# BI 13a website link



## HIMMY123 (Feb 24, 2015)

Hi Guys

Can someone point me in the right direction as to were the approval etc of the 13A is exactly on the BI website

Many Thanks
HIMMY123


----------



## Asian Spirit (Mar 1, 2010)

HIMMY123 said:


> Hi Guys
> 
> Can someone point me in the right direction as to were the approval etc of the 13A is exactly on the BI website
> 
> ...


If you don't get the needed info in a reply, try sending MCA a private message. If I remember right, he went through the process and knows the website pretty well.


----------



## bidrod (Mar 31, 2015)

I think this is it.

Visa Application Status (Agenda Verification)

Chuck


----------



## M.C.A. (Feb 24, 2013)

I also use as a tool on other questions such as my Immigrant card renewal contacting them by using the official Facebook location of the Philippine Bureau of Immigration, they do answer my messages and for sure answer their phones, seems like my name or I've never seen my name posted for anything ... Lol ... but have noticed other expats have found their name listed on the Philippine Bureau of Immigration website.
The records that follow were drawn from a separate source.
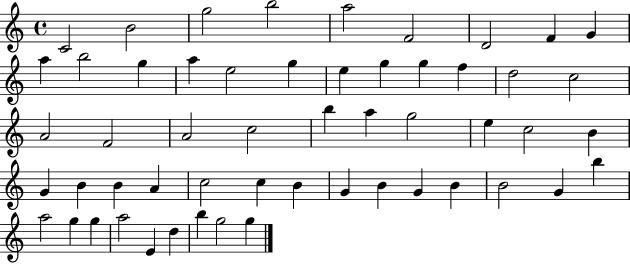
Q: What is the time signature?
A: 4/4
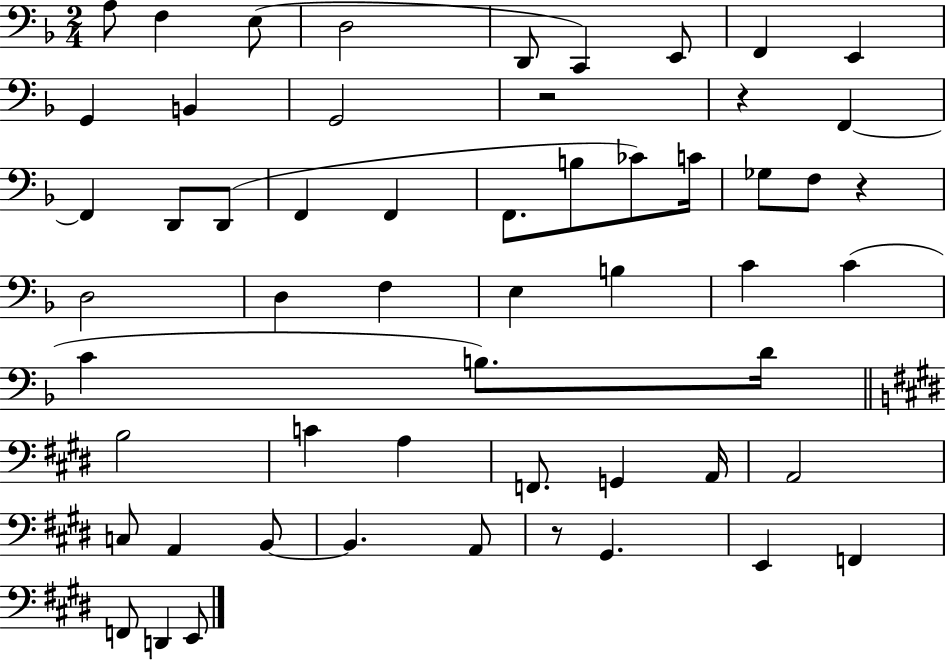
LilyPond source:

{
  \clef bass
  \numericTimeSignature
  \time 2/4
  \key f \major
  a8 f4 e8( | d2 | d,8 c,4) e,8 | f,4 e,4 | \break g,4 b,4 | g,2 | r2 | r4 f,4~~ | \break f,4 d,8 d,8( | f,4 f,4 | f,8. b8 ces'8) c'16 | ges8 f8 r4 | \break d2 | d4 f4 | e4 b4 | c'4 c'4( | \break c'4 b8.) d'16 | \bar "||" \break \key e \major b2 | c'4 a4 | f,8. g,4 a,16 | a,2 | \break c8 a,4 b,8~~ | b,4. a,8 | r8 gis,4. | e,4 f,4 | \break f,8 d,4 e,8 | \bar "|."
}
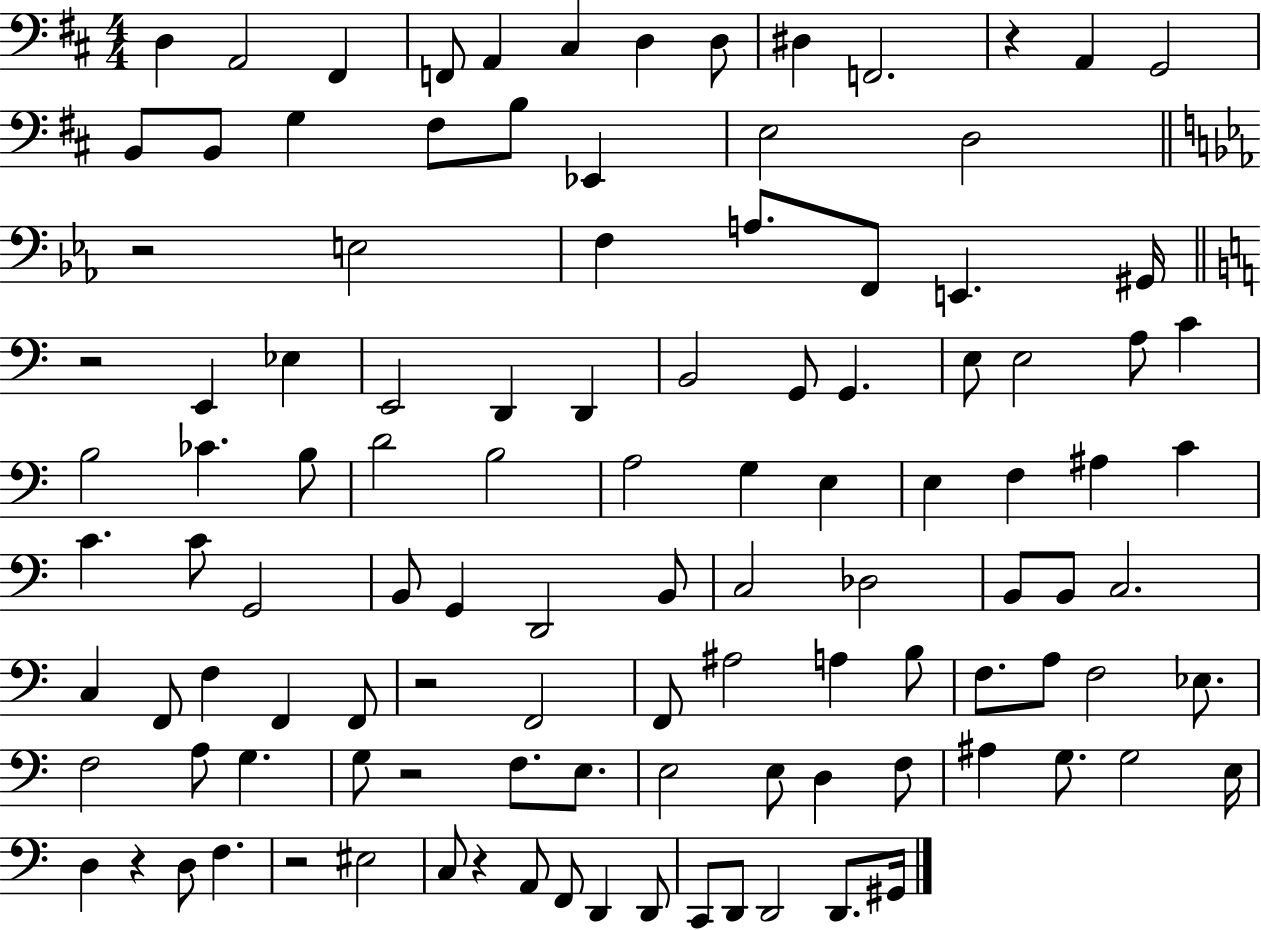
D3/q A2/h F#2/q F2/e A2/q C#3/q D3/q D3/e D#3/q F2/h. R/q A2/q G2/h B2/e B2/e G3/q F#3/e B3/e Eb2/q E3/h D3/h R/h E3/h F3/q A3/e. F2/e E2/q. G#2/s R/h E2/q Eb3/q E2/h D2/q D2/q B2/h G2/e G2/q. E3/e E3/h A3/e C4/q B3/h CES4/q. B3/e D4/h B3/h A3/h G3/q E3/q E3/q F3/q A#3/q C4/q C4/q. C4/e G2/h B2/e G2/q D2/h B2/e C3/h Db3/h B2/e B2/e C3/h. C3/q F2/e F3/q F2/q F2/e R/h F2/h F2/e A#3/h A3/q B3/e F3/e. A3/e F3/h Eb3/e. F3/h A3/e G3/q. G3/e R/h F3/e. E3/e. E3/h E3/e D3/q F3/e A#3/q G3/e. G3/h E3/s D3/q R/q D3/e F3/q. R/h EIS3/h C3/e R/q A2/e F2/e D2/q D2/e C2/e D2/e D2/h D2/e. G#2/s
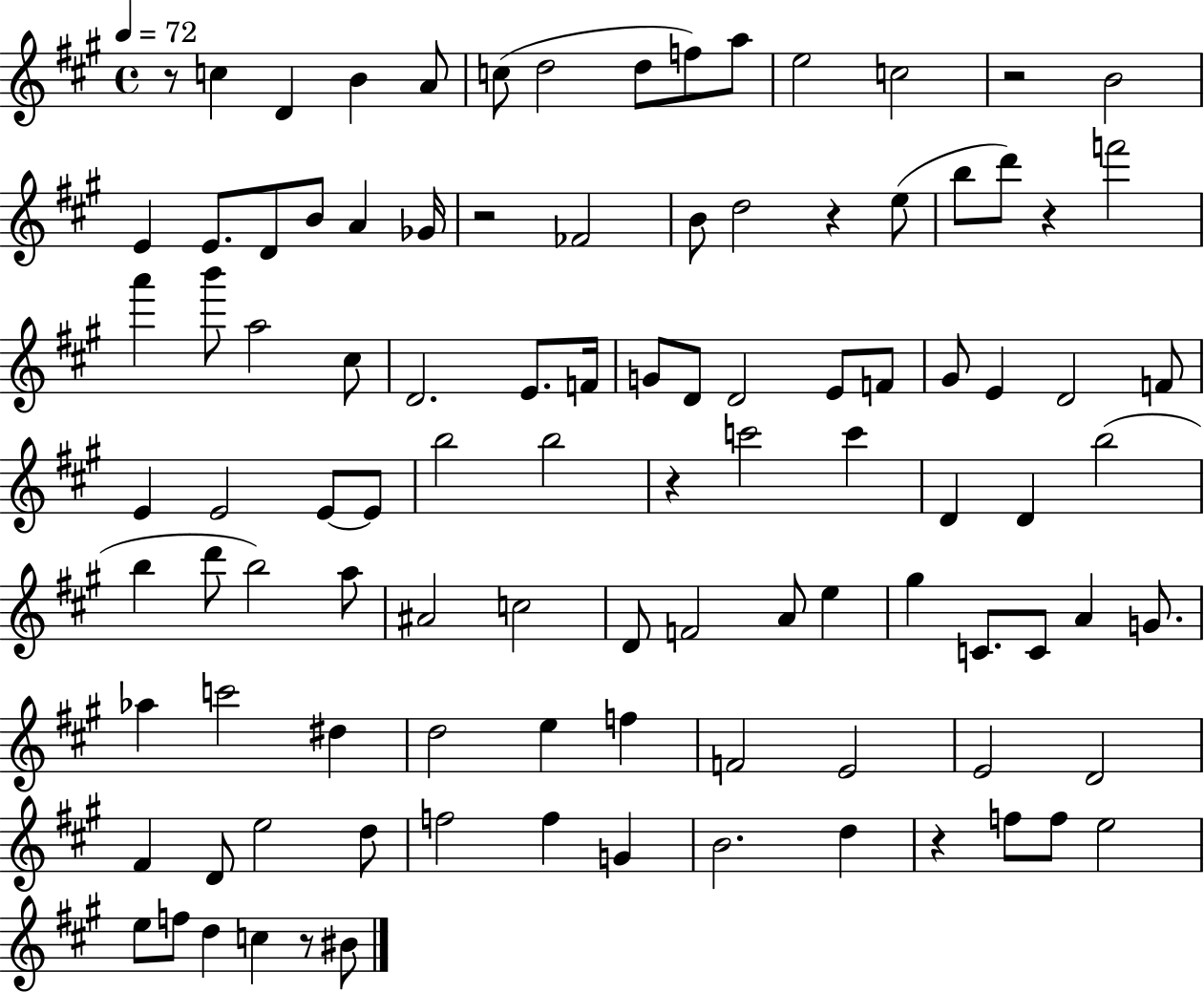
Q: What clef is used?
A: treble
https://www.facebook.com/officialbureauofimmigration


----------



## fmartin_gila (May 15, 2011)

bidrod said:


> I think this is it.
> 
> Visa Application Status (Agenda Verification)
> 
> Chuck


That is the list I found my name on when I was approved. You have to go through it page by page as they don't seem to have any alphabetical or other manner of listing. Everything is just listed however mixed up it is.

Fred


----------



## Tukaram (Dec 18, 2014)

fmartin_gila said:


> That is the list I found my name on when I was approved. You have to go through it page by page as they don't seem to have any alphabetical or other manner of listing. Everything is just listed however mixed up it is.
> 
> Fred


That is the link I used too. There is no real organization to the listing, but the "find" option on my browser sure helped (on Firefox it is under Edit/Find).


----------



## fmartin_gila (May 15, 2011)

Tukaram said:


> That is the link I used too. There is no real organization to the listing, but the "find" option on my browser sure helped (on Firefox it is under Edit/Find).


I went through it line by line till I found mine. I am almost computer illiterate and don't know about a lot of those kinds of things, besides that I am about hard-headed as a Missouri Jackass and sometimes it takes a good whack with a stick or shovel to get my attention.

Fred


----------



## HIMMY123 (Feb 24, 2015)

Thanks Guys 

Got it 

Will monitor the Jan update and see how I get on


----------



## hogrider (May 25, 2010)

fmartin_gila said:


> That is the list I found my name on when I was approved. You have to go through it page by page as they don't seem to have any alphabetical or other manner of listing. Everything is just listed however mixed up it is.
> 
> Fred


I haven't yet applied for my 13a but I checked the website out of interest, and as far as I can see the names are indeed listed alphabetically.


----------



## bidrod (Mar 31, 2015)

hogrider said:


> I haven't yet applied for my 13a but I checked the website out of interest, and as far as I can see the names are indeed listed alphabetically.


You are correct they are alphabetical, by first name not surname. lol I also noticed that if you applied say in Cebu, Makati, Batangas, etc, they are listed separately after the list for the main office.

Chuck


----------



## Ram1957 (Oct 14, 2014)

That list is actually a PDF document and any PDF reader can open it. Makes it alot easier to find your name by using the PDF reader search option.


----------



## M.C.A. (Feb 24, 2013)

*PDF Reader*



Ram1957 said:


> That list is actually a PDF document and any PDF reader can open it. Makes it alot easier to find your name by using the PDF reader search option.


Wow I don't know that, I've used those files over and over again and I searched for my name for more than one reason over the last 6 years and it was never there but when I called they had the information. I renewed my Immigrant card in June, the 5 year renewal and never found my name but it didn't take more than a month and it was ready for pickup, I called the phone number off their official Facebook page, I'll have to try the PDF reader next time, and I can't imagine why it's in alphabetical order by first name.


----------



## expatuk2016 (Mar 20, 2016)

My advice is to phone the office you have applied to as my Acr card was available a week before we phoned them my name never appeared on the website and was told not all names go on the website as companies and seaman etc get priority over individuals.


----------